Role of spin-orbit coupling on crystal-field splitting and phase-stability of rare-earth based layered intermetallic

Abstract

Layered and incommensurate heterostructures have attracted much attention for the occurrence of superconductivity and charge density waves with the possibility of intercalating foreign atoms. However, lanthanide-based heterostructures where (EuxSm1-x)S and TaS2 are alternatively stacked have been scarcely investigated. In this work, we performed phase stability, bonding behavior and electronic-structure analysis of (EuxSm1-x)TaS3 using first-principles density-functional theory methods. Our phase stability analysis suggests 50 at.% solubility of Eu in (EuxSm1-x)TaS3 compared to Eu solubility in all proportions in cubic SmS. The instability of Eu beyond 50 at.% in (EuxSm1-x)TaS3 was attributed to higher density of Eu-4f states at the Fermi-level.

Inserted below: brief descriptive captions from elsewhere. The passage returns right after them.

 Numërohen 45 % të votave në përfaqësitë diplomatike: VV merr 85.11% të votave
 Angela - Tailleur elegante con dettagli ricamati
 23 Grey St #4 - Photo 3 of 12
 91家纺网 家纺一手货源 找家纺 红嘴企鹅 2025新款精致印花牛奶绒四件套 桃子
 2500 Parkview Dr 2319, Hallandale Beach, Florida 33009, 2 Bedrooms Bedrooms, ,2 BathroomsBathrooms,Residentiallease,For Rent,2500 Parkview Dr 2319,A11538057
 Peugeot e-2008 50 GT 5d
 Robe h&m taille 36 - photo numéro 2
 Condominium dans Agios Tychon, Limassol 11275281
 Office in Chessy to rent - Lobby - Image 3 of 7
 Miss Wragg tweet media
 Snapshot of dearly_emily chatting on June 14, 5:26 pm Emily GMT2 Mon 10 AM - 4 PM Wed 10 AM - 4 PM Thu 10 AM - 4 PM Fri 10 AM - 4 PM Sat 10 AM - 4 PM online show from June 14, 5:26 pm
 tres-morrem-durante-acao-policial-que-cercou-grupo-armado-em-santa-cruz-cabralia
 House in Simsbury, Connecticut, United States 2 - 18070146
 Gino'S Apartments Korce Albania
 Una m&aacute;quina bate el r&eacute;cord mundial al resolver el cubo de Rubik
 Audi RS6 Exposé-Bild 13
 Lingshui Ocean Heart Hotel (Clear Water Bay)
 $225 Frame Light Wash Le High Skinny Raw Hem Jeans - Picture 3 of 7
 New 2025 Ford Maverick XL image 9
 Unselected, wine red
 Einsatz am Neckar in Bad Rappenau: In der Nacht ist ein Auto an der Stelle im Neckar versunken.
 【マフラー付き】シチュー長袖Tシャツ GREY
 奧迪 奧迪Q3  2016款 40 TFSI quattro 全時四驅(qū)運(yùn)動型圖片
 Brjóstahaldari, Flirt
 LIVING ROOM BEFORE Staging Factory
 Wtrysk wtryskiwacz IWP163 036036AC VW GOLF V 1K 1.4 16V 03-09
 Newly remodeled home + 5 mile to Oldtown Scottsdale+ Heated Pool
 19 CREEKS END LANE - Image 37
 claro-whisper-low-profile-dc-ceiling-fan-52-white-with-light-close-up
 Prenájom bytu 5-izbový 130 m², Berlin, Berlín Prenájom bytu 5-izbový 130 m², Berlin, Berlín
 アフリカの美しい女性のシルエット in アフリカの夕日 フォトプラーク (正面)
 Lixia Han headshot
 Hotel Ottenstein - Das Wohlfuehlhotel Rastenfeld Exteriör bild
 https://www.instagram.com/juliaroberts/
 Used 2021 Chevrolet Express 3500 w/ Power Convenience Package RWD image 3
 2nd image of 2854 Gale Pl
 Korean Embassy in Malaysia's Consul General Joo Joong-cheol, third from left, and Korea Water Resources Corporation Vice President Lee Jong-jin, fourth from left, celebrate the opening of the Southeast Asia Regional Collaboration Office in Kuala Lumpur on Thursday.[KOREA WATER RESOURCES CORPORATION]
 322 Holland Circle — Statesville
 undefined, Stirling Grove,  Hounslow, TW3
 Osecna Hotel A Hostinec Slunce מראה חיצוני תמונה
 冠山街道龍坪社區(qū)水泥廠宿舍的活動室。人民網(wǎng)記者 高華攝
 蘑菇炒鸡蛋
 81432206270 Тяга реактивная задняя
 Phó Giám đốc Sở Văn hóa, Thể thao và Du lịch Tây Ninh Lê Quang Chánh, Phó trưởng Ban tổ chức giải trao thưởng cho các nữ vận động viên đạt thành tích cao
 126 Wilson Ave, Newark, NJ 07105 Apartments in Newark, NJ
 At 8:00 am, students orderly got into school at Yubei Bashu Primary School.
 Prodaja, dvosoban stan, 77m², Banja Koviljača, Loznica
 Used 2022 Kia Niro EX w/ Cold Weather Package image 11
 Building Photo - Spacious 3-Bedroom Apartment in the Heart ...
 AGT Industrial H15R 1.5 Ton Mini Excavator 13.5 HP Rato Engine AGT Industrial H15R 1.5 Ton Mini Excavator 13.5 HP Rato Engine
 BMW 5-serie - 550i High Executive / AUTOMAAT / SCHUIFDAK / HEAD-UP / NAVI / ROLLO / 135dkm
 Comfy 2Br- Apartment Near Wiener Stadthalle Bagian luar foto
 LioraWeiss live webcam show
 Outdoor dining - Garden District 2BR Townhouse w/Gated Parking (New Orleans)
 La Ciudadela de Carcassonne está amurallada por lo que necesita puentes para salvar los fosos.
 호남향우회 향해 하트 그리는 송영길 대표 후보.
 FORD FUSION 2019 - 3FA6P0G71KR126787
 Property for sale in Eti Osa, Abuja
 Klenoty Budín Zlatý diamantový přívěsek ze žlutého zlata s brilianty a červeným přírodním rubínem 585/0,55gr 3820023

Based on band position calculated from spin-orbit coupling effect, we constructed a qualitative schematic of possible crystal-field analysis. The local change in bond-length and bond-angle around Eu-S in (EuxSm1-x)TaS3 correlate well with our crystal-field analysis. We believe that quantum mechanical insights provided in this work will be useful to understand other complex heterostructures.